Es significativo el caso Carromero. Condenado a cuatro años en Cuba por homicidio en accidente de tráfico, trasladado a España a cumplir condena, este político del Partido Popular ya está prácticamente libre por haberle aplicado con urgencia el tercer grado penitenciario, que sólo obliga a dormir en prisión. Quien escribe estas líneas fue ocho años voluntario en cárceles españolas y comprobó que la concesión del tercer grado penitenciario suele ser una carrera de obstáculos, difícil y lenta.
Como también chirría la historia de cuatro policías de Cataluña (mossos d'esquadra), condenados en firme por torturas a un detenido e indultados dos veces por el gobierno. La primera al ser firme la sentencia y la segunda cuando la Audiencia de Barcelona, en una resolución poco frecuente, a pesar del indulto, ordenó el ingreso en prisión de los torturadores por “razones de prevención, peligrosidad criminal, repulsa y alarma social”. Pero el gobierno ignoró el dictamen judicial e indultó por segunda vez a los verdugos.

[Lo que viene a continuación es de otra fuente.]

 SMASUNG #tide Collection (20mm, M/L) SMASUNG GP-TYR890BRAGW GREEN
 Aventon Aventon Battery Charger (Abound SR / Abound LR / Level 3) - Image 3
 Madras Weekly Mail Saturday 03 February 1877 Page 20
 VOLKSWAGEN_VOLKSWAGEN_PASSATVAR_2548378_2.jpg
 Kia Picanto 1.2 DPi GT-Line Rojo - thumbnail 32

Jaume Asens, de la Comisión de Defensa del Colegio de Abogados de Barcelona denunció que “el indulto es un medio del poder para perdonarse a sí mismo. En este caso, además, un ejercicio de cinismo porque se indultan por segunda vez”. Amnistía Internacional también ha denunciado que, en los últimos años, hay una tendencia creciente a indultar a agentes de policía torturadores. Y recordó que el Reino de España ha sido condenado en tres ocasiones por el Tribunal Superior de Derechos Humanos de Estrasburgo por no investigar torturas denunciadas.

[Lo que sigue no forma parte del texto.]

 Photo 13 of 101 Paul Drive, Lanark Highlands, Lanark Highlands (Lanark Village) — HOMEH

También indigna el caso de David Reboredo, que ingresó en prisión hace poco por trapichear con unos pocos gramos de heroína hace años. Pero el gobierno le niega el indulto, a pesar de que reúne las circunstancias para obtenerlo: rehabilitación completa y delito menor cometido hace años.
En cambio, al vicepresidente y consejero delegado del Banco Santander, Alfredo Sáenz, condenado a seis meses de prisión y suspensión del ejercicio profesional por delitos continuados de falsa acusación y falsa denuncia, le fue canjeada esa condena por una multa de 144.000 euros; cantidad irrisoria para quien cobra nueve millones de euros anuales.
El actual poder ejecutivo concedió 468 indultos en los primeros once meses de gobierno. El Gobierno de Rajoy ha indultado, por ejemplo, a un alto cargo político y a un empresario de Cataluña, condenados por prevaricación y malversación de fondos públicos. También a un alcalde y a tres concejales del Partido Popular, condenados por treintaiún delitos de prevaricación urbanística.
La lista de indultados que no debieron serlo es larga e indignante, porque algunos de esos indultados cometieron delitos graves. Pero la ley que regula esa medida de gracia (promulgada en 1870, por cierto) no obliga a argumentar las razones de los indultos y en la práctica suele ser una arbitrariedad. Además de una injusticia flagrante en demasiadas ocasiones. Por eso la asociación Jueces para la Democracia ha denunciado el creciente número de indultos a cargos públicos y a policías, porque el indulto a se ha convertido en un instrumento para que el poder se exculpe a sí mismo.
La inadmisible realidad es que los gobiernos de España han concedido indultos más que discutibles a banqueros, alcaldes, altos cargos políticos, grandes empresarios y policías condenados por torturas. Con esos indultos se ataca un principio esencial de la democracia: que la ley sea igual para todos. La práctica continuada de indultar a los propios, cofrades y correligionarios que han delinquido ahonda el vaciamiento de la democracia y la convierte en farsa. Porque democracia es mucho más que votar cada cuatro años.